There are at most k different sums S, and for each S there are at most k possible last elements s_j. All of possibilities (S,s_j) split sequence sum in 3 parts.
s_1 + s_2 + ... + s_{j-1} = L,
s_j,
s_{j+1} + ... + s_m = R.
It hold n/2 >= L, R > n/2 - max{a_i}. With that, upper formula have more complicated form:
S( n, set ) = sum[ S( n-L-s_j, set )*S( R, set ) for all combinations of (S,s_j) ].
I'm not sure, but I think that with each step it will be needed to 'create' range of
S(x,set) values where range will grow linearly by factor max{a_i}.

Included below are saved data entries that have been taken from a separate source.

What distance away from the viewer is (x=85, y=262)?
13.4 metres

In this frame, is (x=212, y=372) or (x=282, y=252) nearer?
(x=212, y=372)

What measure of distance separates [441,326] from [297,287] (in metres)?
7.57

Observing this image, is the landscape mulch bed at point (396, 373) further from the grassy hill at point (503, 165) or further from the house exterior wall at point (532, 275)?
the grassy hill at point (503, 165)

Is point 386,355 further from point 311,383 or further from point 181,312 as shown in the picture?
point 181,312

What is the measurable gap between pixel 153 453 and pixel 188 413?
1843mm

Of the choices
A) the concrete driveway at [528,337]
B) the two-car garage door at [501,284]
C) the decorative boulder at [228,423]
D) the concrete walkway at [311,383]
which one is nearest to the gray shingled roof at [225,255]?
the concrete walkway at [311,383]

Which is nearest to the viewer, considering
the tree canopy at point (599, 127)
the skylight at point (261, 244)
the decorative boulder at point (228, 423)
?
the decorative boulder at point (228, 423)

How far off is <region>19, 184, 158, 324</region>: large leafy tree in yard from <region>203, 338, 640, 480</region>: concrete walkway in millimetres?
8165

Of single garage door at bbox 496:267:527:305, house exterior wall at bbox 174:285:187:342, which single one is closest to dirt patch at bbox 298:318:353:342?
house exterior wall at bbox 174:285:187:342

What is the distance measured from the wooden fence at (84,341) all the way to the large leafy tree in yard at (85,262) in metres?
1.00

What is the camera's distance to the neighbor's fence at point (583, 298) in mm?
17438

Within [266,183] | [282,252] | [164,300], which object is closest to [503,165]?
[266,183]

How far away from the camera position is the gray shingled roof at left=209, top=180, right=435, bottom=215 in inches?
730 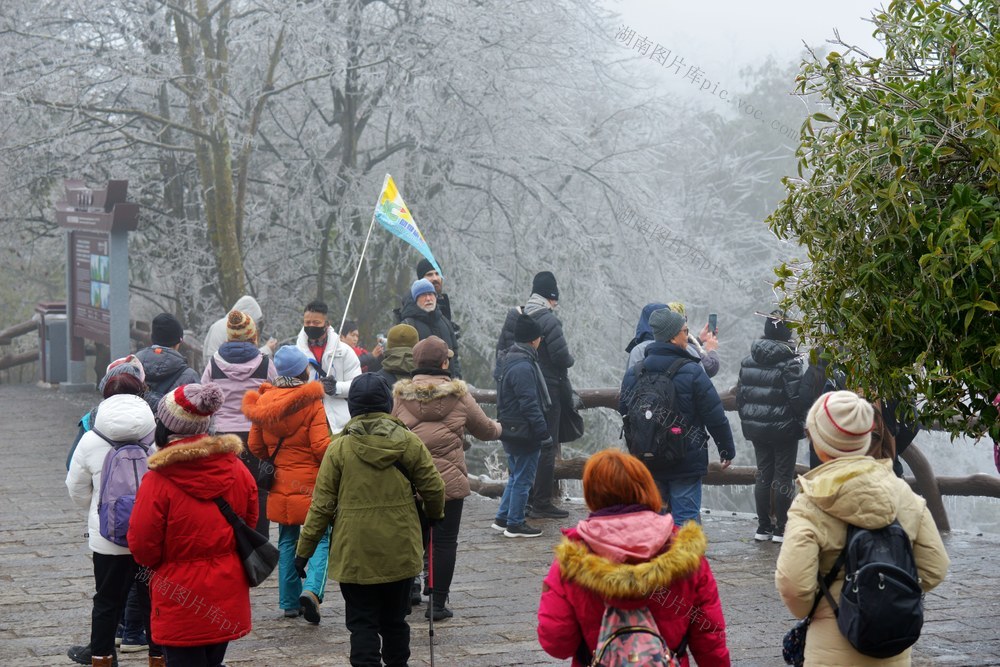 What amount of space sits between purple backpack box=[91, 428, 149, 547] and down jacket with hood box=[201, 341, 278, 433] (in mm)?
2165

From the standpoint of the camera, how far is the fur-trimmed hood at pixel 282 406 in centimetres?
712

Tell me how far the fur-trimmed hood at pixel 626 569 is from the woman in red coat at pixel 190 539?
75.5 inches

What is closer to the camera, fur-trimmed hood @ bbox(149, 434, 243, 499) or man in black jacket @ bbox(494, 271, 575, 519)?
fur-trimmed hood @ bbox(149, 434, 243, 499)

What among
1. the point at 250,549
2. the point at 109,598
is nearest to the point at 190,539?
the point at 250,549

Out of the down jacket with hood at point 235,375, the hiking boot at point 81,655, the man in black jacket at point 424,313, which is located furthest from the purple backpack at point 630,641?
the man in black jacket at point 424,313

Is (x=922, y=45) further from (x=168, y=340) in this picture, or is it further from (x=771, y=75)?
(x=771, y=75)

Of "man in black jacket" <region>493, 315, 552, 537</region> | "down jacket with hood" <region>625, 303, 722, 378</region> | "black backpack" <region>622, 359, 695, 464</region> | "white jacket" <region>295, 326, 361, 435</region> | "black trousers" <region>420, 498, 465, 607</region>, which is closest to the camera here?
"black trousers" <region>420, 498, 465, 607</region>

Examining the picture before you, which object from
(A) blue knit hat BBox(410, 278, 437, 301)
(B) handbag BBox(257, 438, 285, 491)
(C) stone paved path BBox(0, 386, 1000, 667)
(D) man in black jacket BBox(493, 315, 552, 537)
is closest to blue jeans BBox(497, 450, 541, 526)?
(D) man in black jacket BBox(493, 315, 552, 537)

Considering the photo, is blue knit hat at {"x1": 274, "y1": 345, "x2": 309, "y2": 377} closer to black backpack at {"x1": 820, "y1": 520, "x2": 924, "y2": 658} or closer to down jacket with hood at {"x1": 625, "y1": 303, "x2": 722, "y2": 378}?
down jacket with hood at {"x1": 625, "y1": 303, "x2": 722, "y2": 378}

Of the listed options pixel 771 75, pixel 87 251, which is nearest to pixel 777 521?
pixel 87 251

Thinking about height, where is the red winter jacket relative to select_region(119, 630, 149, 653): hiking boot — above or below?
above

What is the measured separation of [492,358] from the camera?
20734 millimetres

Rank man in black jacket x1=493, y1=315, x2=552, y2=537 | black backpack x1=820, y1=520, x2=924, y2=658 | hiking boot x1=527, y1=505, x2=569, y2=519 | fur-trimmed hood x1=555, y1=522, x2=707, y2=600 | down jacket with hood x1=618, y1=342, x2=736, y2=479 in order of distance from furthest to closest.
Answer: hiking boot x1=527, y1=505, x2=569, y2=519
man in black jacket x1=493, y1=315, x2=552, y2=537
down jacket with hood x1=618, y1=342, x2=736, y2=479
black backpack x1=820, y1=520, x2=924, y2=658
fur-trimmed hood x1=555, y1=522, x2=707, y2=600

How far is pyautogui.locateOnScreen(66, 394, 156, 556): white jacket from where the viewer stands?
6113 millimetres
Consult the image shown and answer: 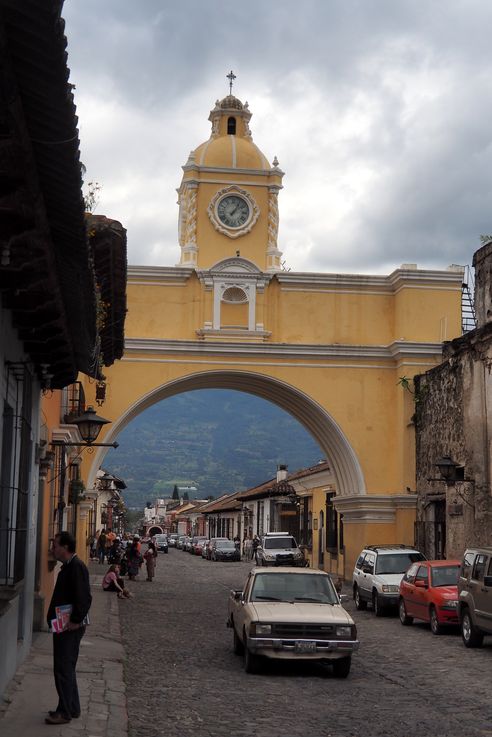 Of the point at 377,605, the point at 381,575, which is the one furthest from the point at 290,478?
the point at 377,605

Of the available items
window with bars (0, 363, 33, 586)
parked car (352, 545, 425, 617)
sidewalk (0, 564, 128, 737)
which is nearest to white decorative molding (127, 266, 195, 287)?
parked car (352, 545, 425, 617)

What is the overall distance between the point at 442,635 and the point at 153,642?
15.5 ft

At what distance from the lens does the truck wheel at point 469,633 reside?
1484 cm

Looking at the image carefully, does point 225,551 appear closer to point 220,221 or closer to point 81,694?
point 220,221

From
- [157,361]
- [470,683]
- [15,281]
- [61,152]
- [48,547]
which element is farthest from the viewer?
[157,361]

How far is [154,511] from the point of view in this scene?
18100 cm

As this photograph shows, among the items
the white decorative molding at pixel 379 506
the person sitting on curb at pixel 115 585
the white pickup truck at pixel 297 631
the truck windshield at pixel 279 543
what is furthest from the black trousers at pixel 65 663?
the truck windshield at pixel 279 543

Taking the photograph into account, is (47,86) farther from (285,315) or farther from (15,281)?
(285,315)

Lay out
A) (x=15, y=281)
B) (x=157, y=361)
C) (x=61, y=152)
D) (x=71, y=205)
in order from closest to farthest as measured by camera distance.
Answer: (x=61, y=152), (x=71, y=205), (x=15, y=281), (x=157, y=361)

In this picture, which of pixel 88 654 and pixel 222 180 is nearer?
pixel 88 654

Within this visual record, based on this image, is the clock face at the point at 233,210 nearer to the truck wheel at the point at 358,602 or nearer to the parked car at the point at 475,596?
the truck wheel at the point at 358,602

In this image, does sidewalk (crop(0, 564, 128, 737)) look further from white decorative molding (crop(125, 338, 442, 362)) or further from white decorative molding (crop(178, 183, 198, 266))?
white decorative molding (crop(178, 183, 198, 266))

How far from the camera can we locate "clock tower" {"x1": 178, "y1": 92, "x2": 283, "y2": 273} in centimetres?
3048

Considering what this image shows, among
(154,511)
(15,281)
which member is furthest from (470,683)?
(154,511)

Edit 2: #Andrew samples. It is easy to implement first method and it works for 'small' x. Here is python code:
def S( x, ai_s ):
s = [0] * (x+1)
s[0] = 1
for i in xrange(1,x+1):
s[i] = sum( s[i-ai] if i-ai >= 0 else 0 for ai in ai_s )
return s[x]
S( 13, [1,2,8] )
S( 15, [1,2,3,4,5] )
This implementation has problem with memory for large x (>10^5 in python). Since only last max(a_i) values are needed it is possible to implement it with circular buffer.
These values grow very fast, e.g. S(100000, [1,2,8] ) is ~ 10^21503.